Real-Time Image Processing Algorithms for Embedded Systems
It addresses the need for efficient and robust image processing in embedded vision systems for automotive, surveillance, and robotics sectors, though it appears incremental as it builds on existing techniques.
This research tackled the problem of real-time image processing on resource-constrained embedded systems by investigating optimized algorithms and hardware implementations, resulting in marked improvements in speed and energy efficiency compared to conventional methods.

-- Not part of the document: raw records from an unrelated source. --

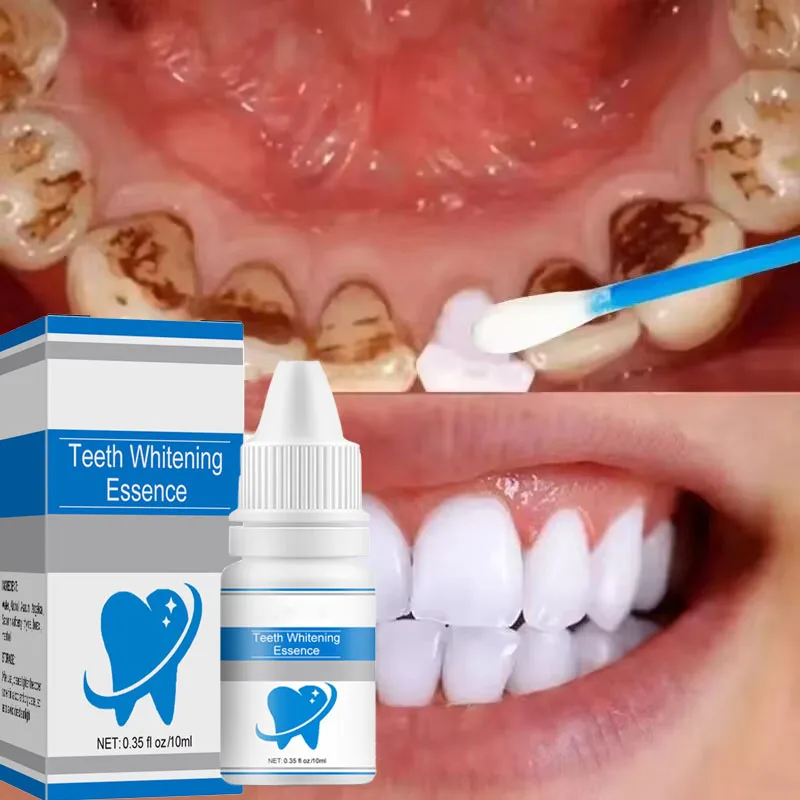 Teeth Whitening Product Teeth Whitening Essence Teeth Health Product Teeth Whitening Essence Remove Against Dental Caries Plaque Stains Serum Fresh Breath Oral Hygiene Dental Tooth Cleaning Tools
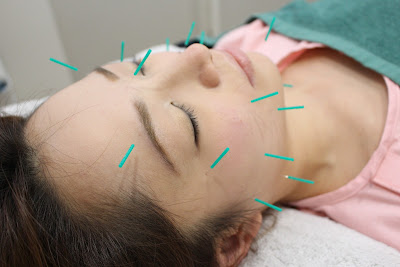鍼灸マッサージ Private Salon B-HariT 六本木店 사진 4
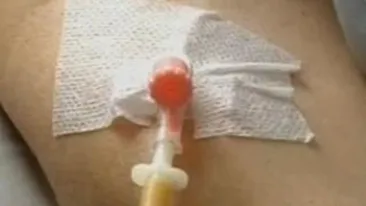 Un tanar din Sibiu a fost muscat de o capusa si acum este suspect de encefalita!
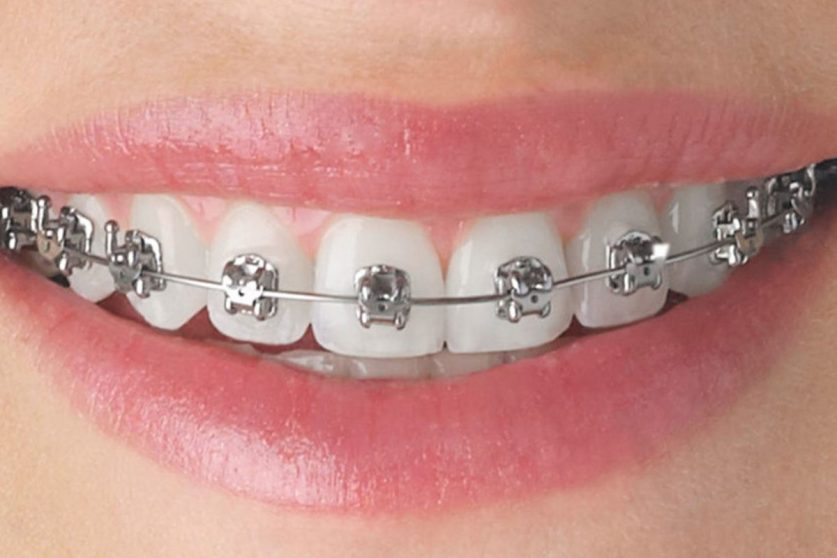affordable braces Miami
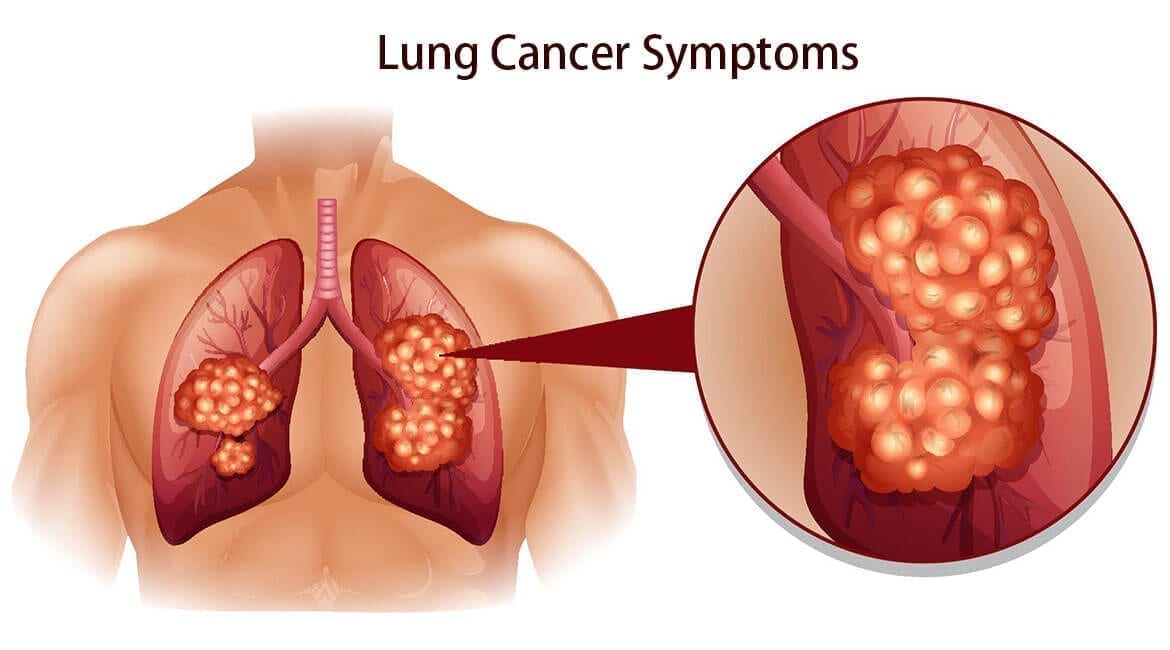 Lung Cancer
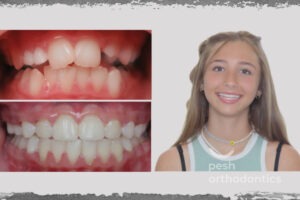 Before and after images of a patient's mouth showing the transformation achieved through orthodontic work by Pesh Orthodontics. The 'before' image displays misaligned teeth, while the 'after' image highlights a beautifully straightened smile, showcasing the effectiveness of the treatment.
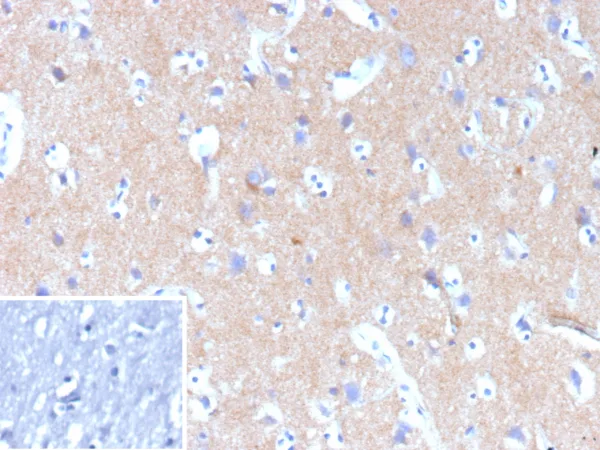 Hexokinase 1 Antibody in Immunohistochemistry (IHC (P))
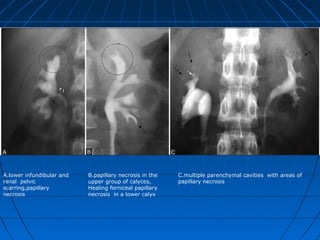 A.lower infundibular and
renal pelvic
scarring,papillary
necrosis
B.papillary necrosis in the
upper group of calyces,
Healing forniceal papillary
necrosis in a lower calyx
C.multiple parenchymal cavities with areas of
papillary necrosis
 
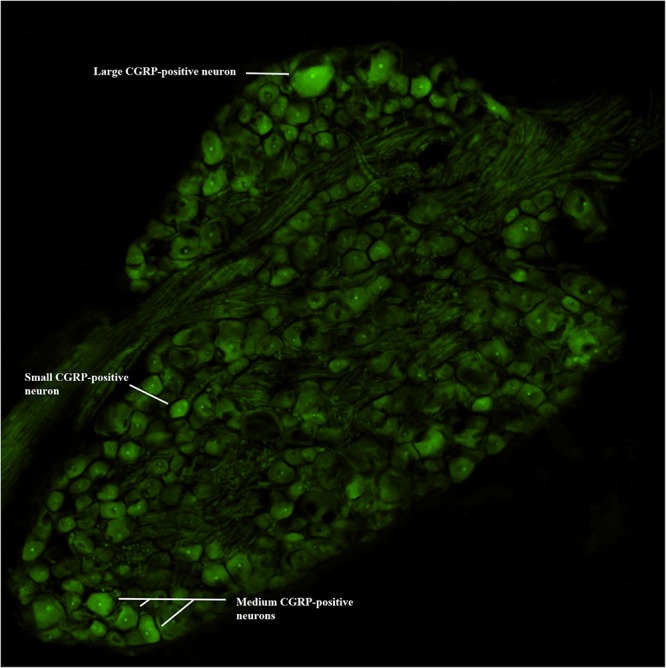 FIGURE 2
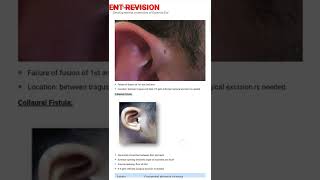 #mbbs #otolaryngology Anomoly of external ear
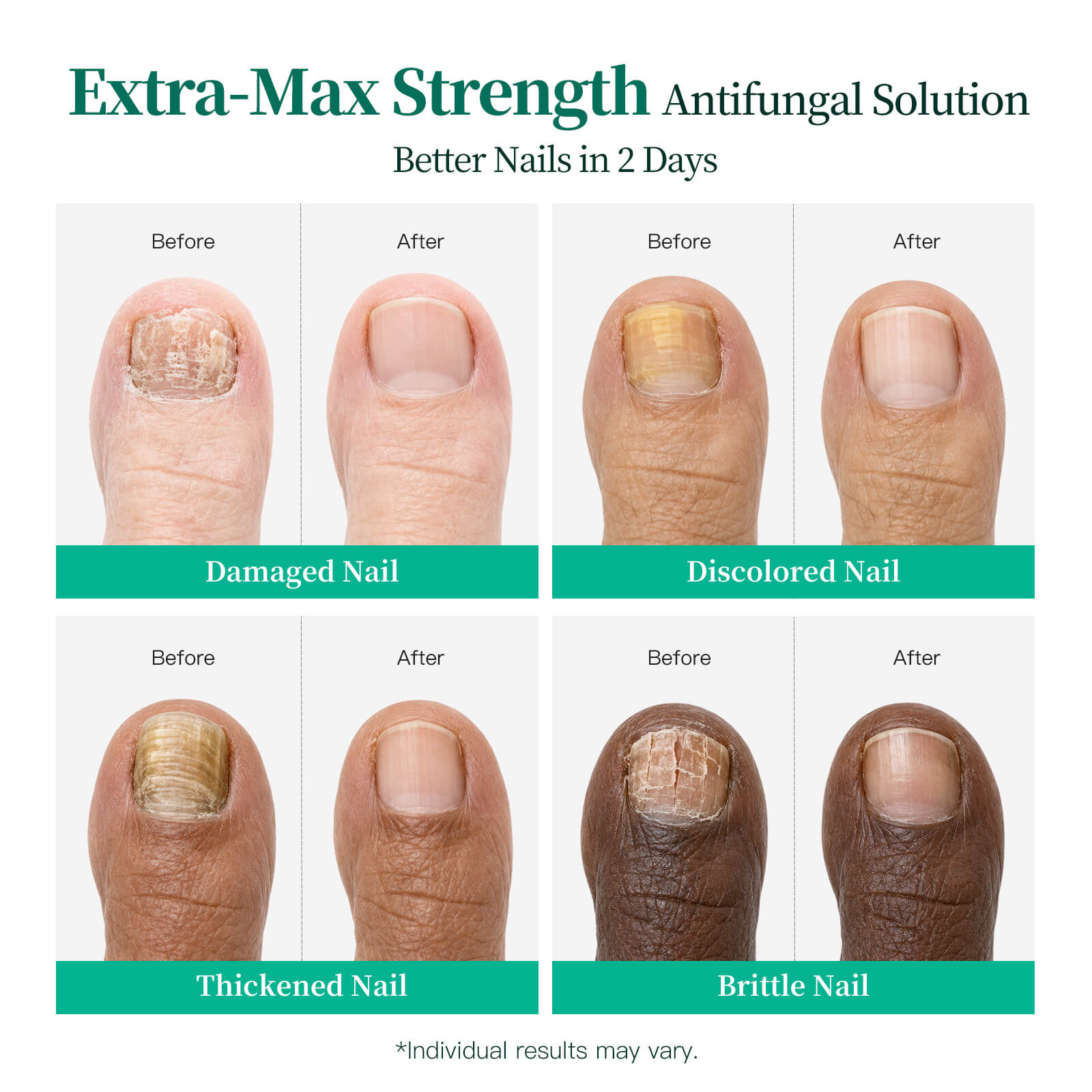 APUREE antifungal Undecylenic Acid nail treatment showing visible improvement for damaged, discolored and brittle nails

Embedded vision systems need efficient and robust image processing algorithms to perform real-time, with resource-constrained hardware. This research investigates image processing algorithms, specifically edge detection, corner detection, and blob detection, that are implemented on embedded processors, including DSPs and FPGAs. To address latency, accuracy and power consumption noted in the image processing literature, optimized algorithm architectures and quantization techniques are employed. In addition, optimal techniques for inter-frame redundancy removal and adaptive frame averaging are used to improve throughput with reasonable image quality. Simulations and hardware trials of the proposed approaches show marked improvements in the speed and energy efficiency of processing as compared to conventional implementations. The advances of this research facilitate a path for scalable and inexpensive embedded imaging systems for the automotive, surveillance, and robotics sectors, and underscore the benefit of co-designing algorithms and hardware architectures for practical real-time embedded vision applications.